I have such a huge amount of love for Pure Groove. It was my safe haven when I moved to London and an amazing family to be a part of. I got introduced to so much fantastic music during that period, everyone there was so passionate and keen to share it with others. That is precisely why so many went on to have careers: it’s a genuine trait which can’t be faked. I wish I had some embarrassing stories to tell other than that I definitely signed a couple of records to our label which sold about four copies worldwide – most of them did really well, though. They were all good records!
What music are you making at the moment? Are you working on an album?
I have a couple more remixes to finish then it’s straight to work on an album. I love artists like The Chemical Brothers, New Order, Death In Vegas, Whitey, Black Devil Disco Club, Joakim and so on who can make complete albums full of different ideas but every single track still sounds amazing in a club. I’m not for a second comparing myself to these masters but I’m prepared to take a running jump at the high bar I’ve set for myself.
Tell us a bit about the mix you’ve made.
It works a little more like a mixtape in that the first section is very much what I’m playing in clubs peak time right now and the second half slows right down and gets a bit darker.

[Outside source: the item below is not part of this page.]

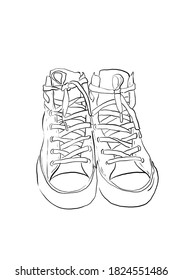 One line illustration of sneakers. Sports shoes in a line drawing style for sport & branding design.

I’ve spent years playing warm up sets where it’s important to dig out some of those interesting, oddball records which can really put energy into the beginning of a night. My favourite DJs are people like Andrew Weatherall, Soulwax, Optimo, Erol, The Glimmers, Tiga; DJs who wear their broad influences on their sleeves but really know how to work a club because every record they play is exciting and sounds huge. I find that idea very inspiring. I’m also fascinated by stories of early club culture. Larry Levan at the Paradise Garage, the Hacienda in Manchester. A time when there literally wasn’t enough ‘house’ music to fill an entire night so DJs played stuff from all over the place and mixed it in a way to keep people dancing.
What is it we should stop making you do? Is it some nasty habit?
The name began as a joke and now I’m stuck with it! We were all choosing silly DJ names for a night we were putting on and I was listening to NY Excuse by Soulwax just as Nancy Whang shouts “well, stop making me then.” It was literally the first thing I heard. I’ve just about learnt to live with it now. Bad habit? If someone can help me tear myself away from my fucking laptop once in a while that would be great.
Stopmakingme FADER Mix:
- Remute – Cowbell Mania Pt.1 [Remute]
- Stopmakingme – Rattle [Bang Gang]
- Tribute – We Love Debbie [Tribute]
- Shit Robot – Take Em Up (Marcus Marr Remix) [DFA]
- Scenic – This Can’t Be (Get A Room! Remix) [Tigersushi]
- Hercules & Love Affair – My House (Stopmakingme Remix) [Moshi Moshi]
- In Flagranti – Peculiar Protagonist (Stopmakingme Remix) [Codek]
- Stopmakingme – Smint (In Flagranti Remix) [Bang Gang]
- Virgo – Mechanically Replayed [White]
- Discodeine – Ring Mutilation [D*I*R*T*Y]
- Tiga – Pleasure From The Bass [Different]
- Telephones – Kanal (Prins Thomas Remix) [Full Pupp]
- Tevo Howard – Foreigner [Permanent Vacation]
- Bag Raiders – Sunlight (Stopmakingme Remix) [Modular]
- Dekker – Stop (demo) [unreleased]
- Lost In Paris interlude
- Lykke Li – Get Some (Beck Remix) [Warners]
- Electronicat – Savage Cat [Disko B]
- Naum Gabo – Spessivtseva [Dissident]
- Prince – Sign O’ The Times [Warners]
- Headman – Blue Girls (Richard D. Clouston Remix) [Relish]
- Ono – Give Peace A Chance (Richard Fearless Remix) [Mind Train]
- Stopmakingme & The Deadstock 33s – Gravity [unreleased]
Look out for Stopmakingme’s Rattle EP on Bang Gang in February, Battery Life/Machinist (with The Deadstock 33s) on Southern Fried in March and his Toothpaste EP on Remute later this Spring.